* SOURCE MATERIAL
----------

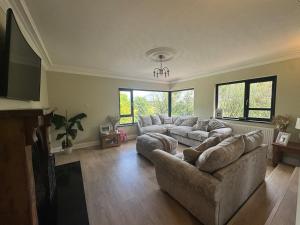 a large living room with a couch and a tv at Riversdale Road Tyrone Omagh Fermanagh 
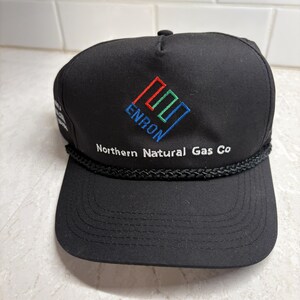 Pu&ograve; includere: Cappellino da baseball nero con il logo Enron ricamato in rosso, verde e blu. Il testo "Northern Natural Gas Co" &egrave; ricamato in bianco. Il cappellino ha un dettaglio di corda nera lungo la tesa.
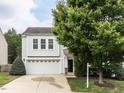Beautiful two-story home with a landscaped front yard and a paved driveway leading to an attached garage at 4234 Offshore Dr, Raleigh, NC 27610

----------

* YOUR TASK
With the pictures removed, return the data above word for word.

* RESPONSE TO THE TASK
 a large living room with a couch and a tv at Riversdale Road Tyrone Omagh Fermanagh 
 Pu&ograve; includere: Cappellino da baseball nero con il logo Enron ricamato in rosso, verde e blu. Il testo "Northern Natural Gas Co" &egrave; ricamato in bianco. Il cappellino ha un dettaglio di corda nera lungo la tesa.
Beautiful two-story home with a landscaped front yard and a paved driveway leading to an attached garage at 4234 Offshore Dr, Raleigh, NC 27610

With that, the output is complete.